• **Data excerpt**

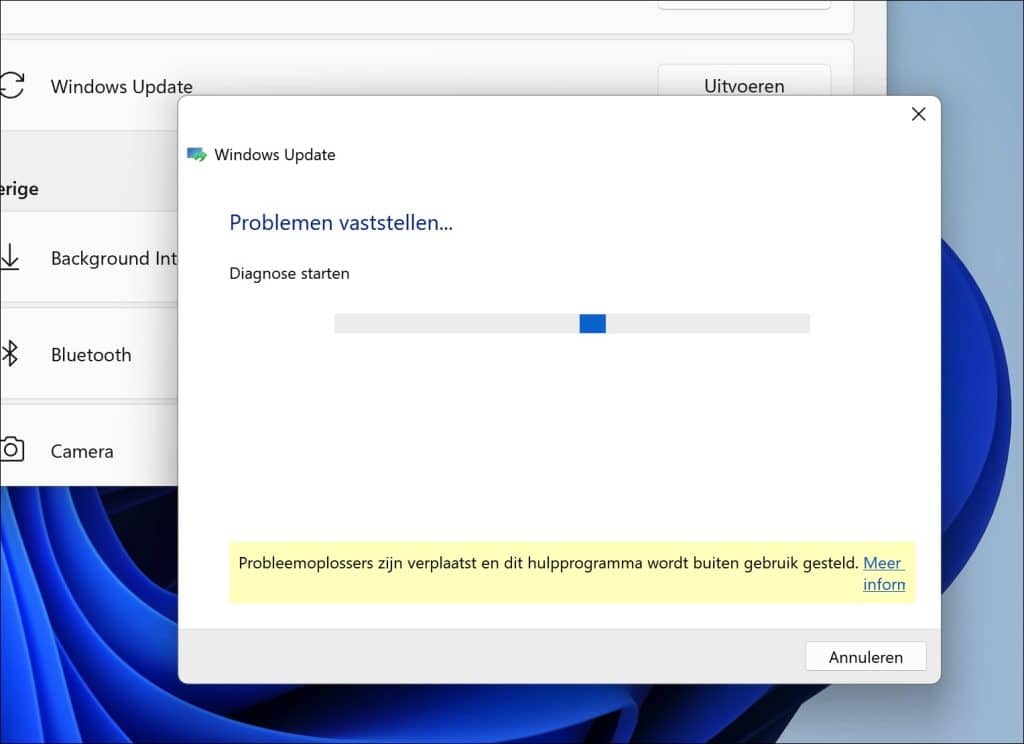 Voer de Windows Update probleemoplosser uit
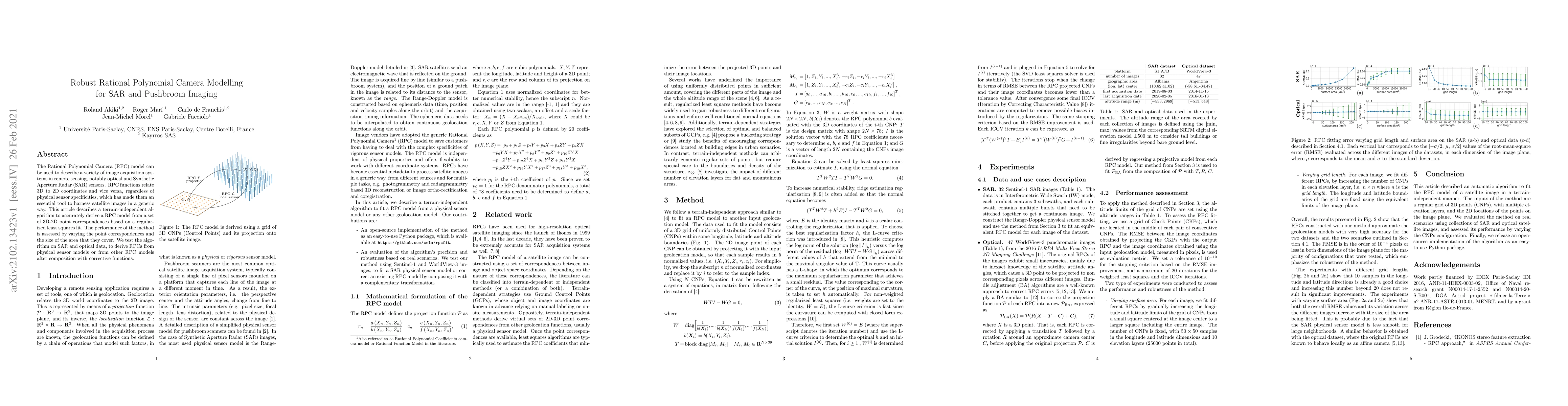 Thumbnail for Robust Rational Polynomial Camera Modelling for SAR and Pushbroom
  Imaging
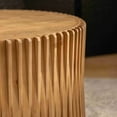 thumbnail image 5 of Llinc Store Natural Style Cylindrical Nesting Coffee Table Set with Vertical Textured Embossed Design for Living Room, Office and Dining Room, Natural, 5 of 9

• **To do**
Where the line containing "Thumbnail for Robust" appears, begin writing out the lines exactly, and continue through the end of the material above, omitting pictures.

• **Written solution**
 Thumbnail for Robust Rational Polynomial Camera Modelling for SAR and Pushbroom
  Imaging
 thumbnail image 5 of Llinc Store Natural Style Cylindrical Nesting Coffee Table Set with Vertical Textured Embossed Design for Living Room, Office and Dining Room, Natural, 5 of 9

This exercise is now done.